Rétrogradé après avoir frappé l’officier avec lequel vit désormais son ex-femme, Mathew Worth exerce ses fonctions d’agent de police dans un petit supermarché de banlieue. Une mesure disciplinaire qui pourrait être mal vécue par n’importe quel policier, mais que Mathew prend avec une certaine philosophie. Et le jeune homme se fait un devoir d’assurer ses missions avec le plus grand sérieux. Il dissuade les voleurs potentiels, rend service à la ménagère en empaquetant les achats et, accessoirement, prend un certain plaisir à observer le travail de la jolie Gwen, caissière de son état. Pas exactement heureuse en ménage, Gwen travaille surtout pour payer ses études d’infirmière et entre deux clients, il lui arrive souvent de sortir un livre de cours pour réviser. De temps à autre, Mathew assiste aux passes d’arme qui l’opposent à son petit ami, une brute à l’esprit étroit, amateur de grosses cylindrées. Un soir, voyant la situation s’envenimer, il juge bon d’intervenir, déclenchant une réaction de jalousie totalement disproportionnée de la part de l’apollon bodybuildé. Prise à partie et battue de retour à la maison, Gwen tue la Bête en situation de légitime défense. C’est à partir de là que les choses de gâtent. Au lieu de prévenir ses collègues et de mettre en branle les procédures réglementaires, Mathew décide de maquiller la scène de crime. Il embarque le corps dans le véhicule surpuissant du défunt propriétaire, nettoie de fond en comble l’appartement et prend la déposition de Gwen en modifiant quelques éléments clés pour faire croire que le petit ami s’est enfui après avoir simplement battu sa compagne. Sauf que le petit ami en question appartenait à la pègre et que sa voiture contenait plusieurs centaines de milliers de dollars soigneusement dissimulés.

Les intrigues policières les plus réussies ne sont pas forcément les plus complexes, c’est ce que semble avoir parfaitement intégré Sean Doolittle, qui a plutôt pris le parti de soigner sa narration et ses personnages. Il en résulte un roman d’une fluidité exemplaire, rondement mené et remarquablement prenant.
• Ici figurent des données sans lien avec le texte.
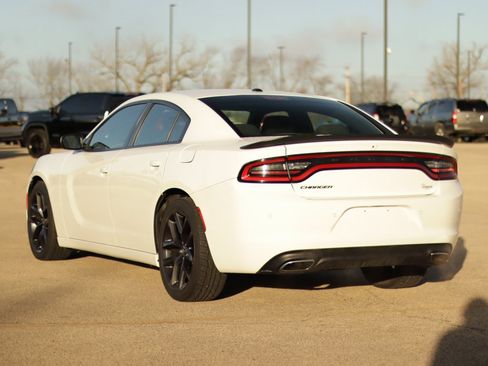 Used 2020 Dodge Charger SXT w/ Blacktop Package image 5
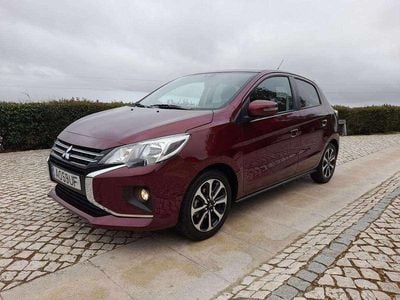Vermelho (metalizado) Usado 2022 Mitsubishi Space Star Intense Citadino | € 13.980 (Preço justo)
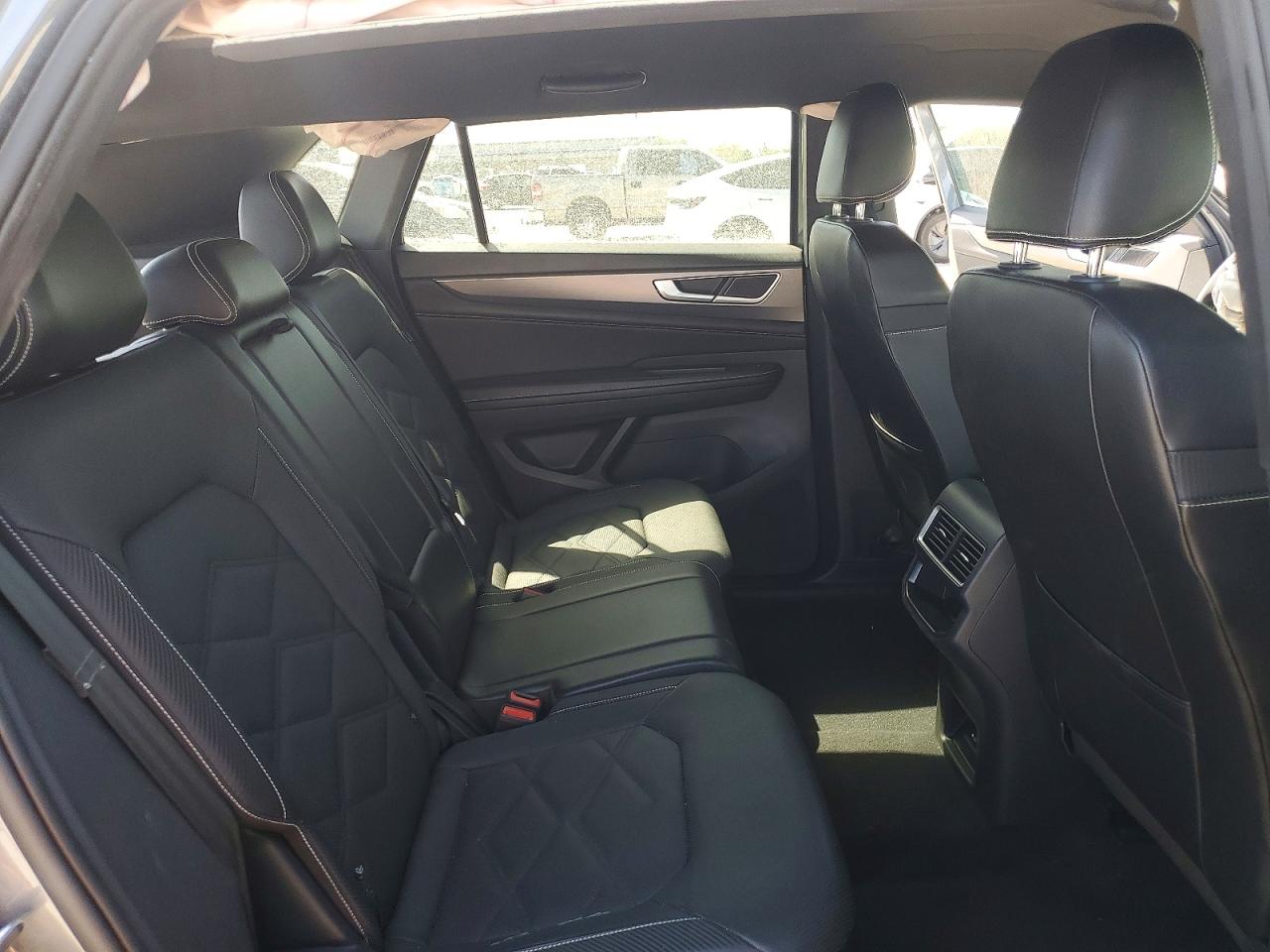 2024 Volkswagen Atlas Cross Sport Gray vin: 1V2DE2CA8RC208527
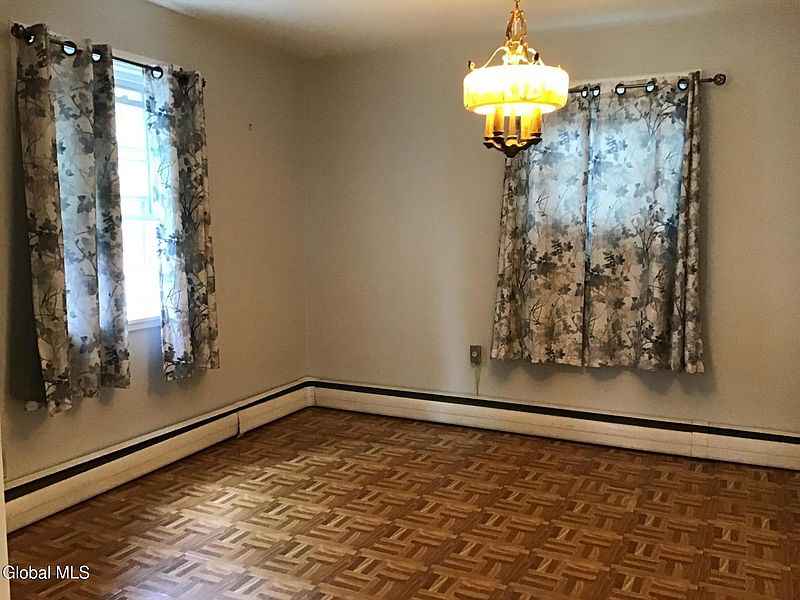 5th image of 810 4th Avenue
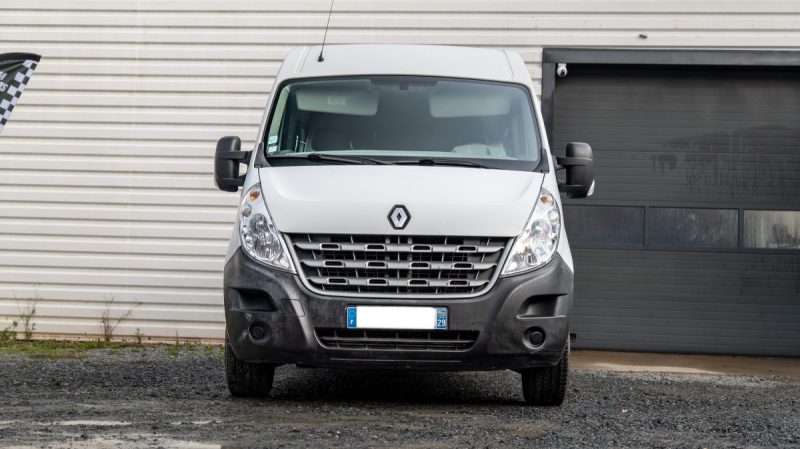 RENAULT MASTER L2H2 2.3 DCi 100 CONFORT CABINE APPROFONDIE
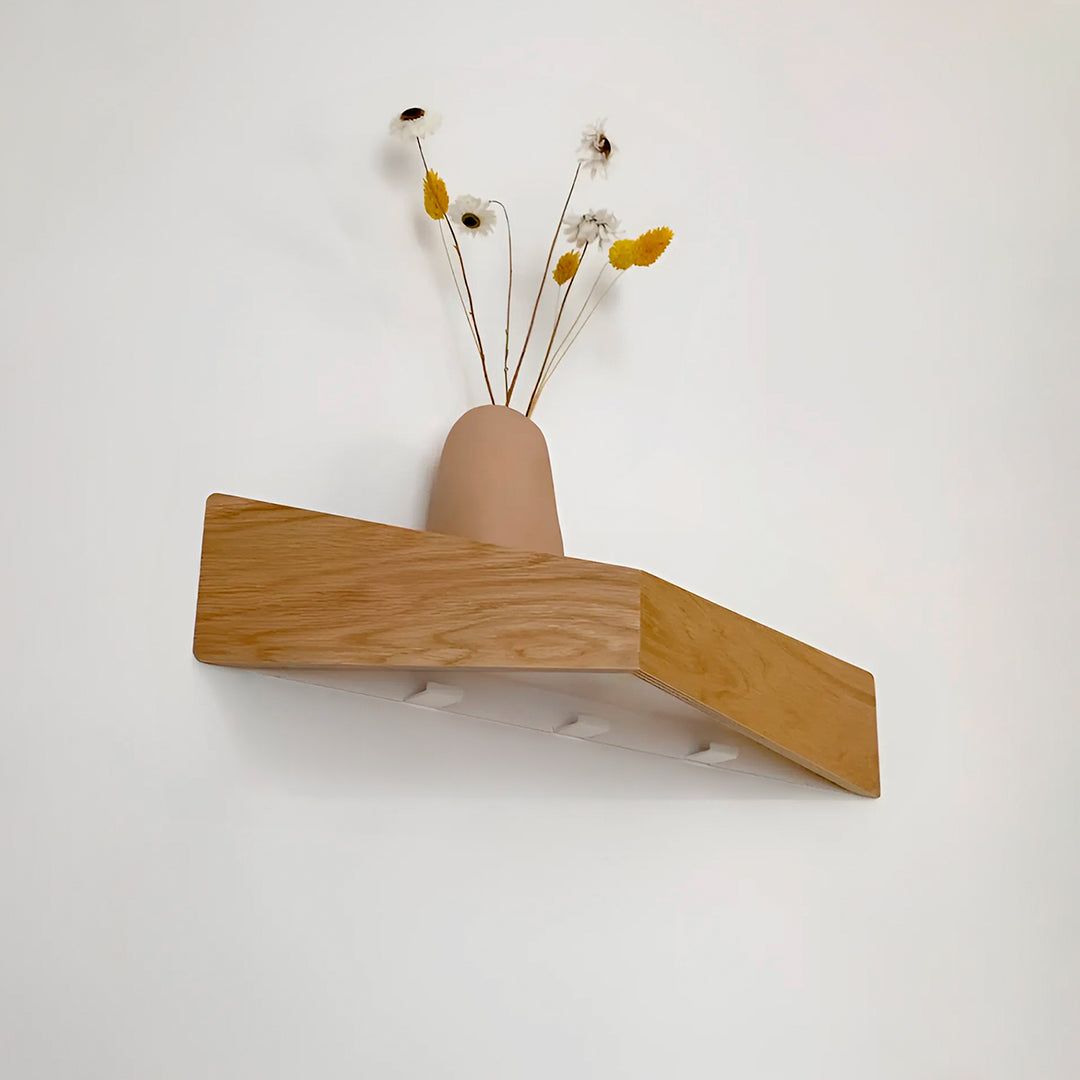 Pelican_OAK_con_ganchos_blanco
Mais si Savemore fonctionne aussi bien, c’est essentiellement grâce à Mathew Worth, ce faux loser qui entretient avec une facilité déconcertante l’illusion à propos de son personnage. Rétrogradé, rabaissé voire carrément humilié, Mathew est en réalité un petit malin qui réussit contre toute attente à tirer son épingle du jeu. Évidemment, l’ambiguïté n’est pas totale, le lecteur sait bien que cet éternel second couteau, qui court sans cesse après le fantôme d’un frère couvert de gloire, a en réalité bon fond et sa naïveté n’est pas tout à fait feinte ; elle se heurte d’ailleurs à un principe de réalité bien tangible. Bref, Savemore fait partie de ces petits polars bien troussés, qui nous régalent sur le moment, mais hélas s’oublient relativement vite. Pas grave, il nous aura au moins diverti quelques heures. On attend cependant Sean Doolittle au tournant, en espérant que son prochain roman soit sur la forme aussi réussi et sur le fond nettement plus mordant.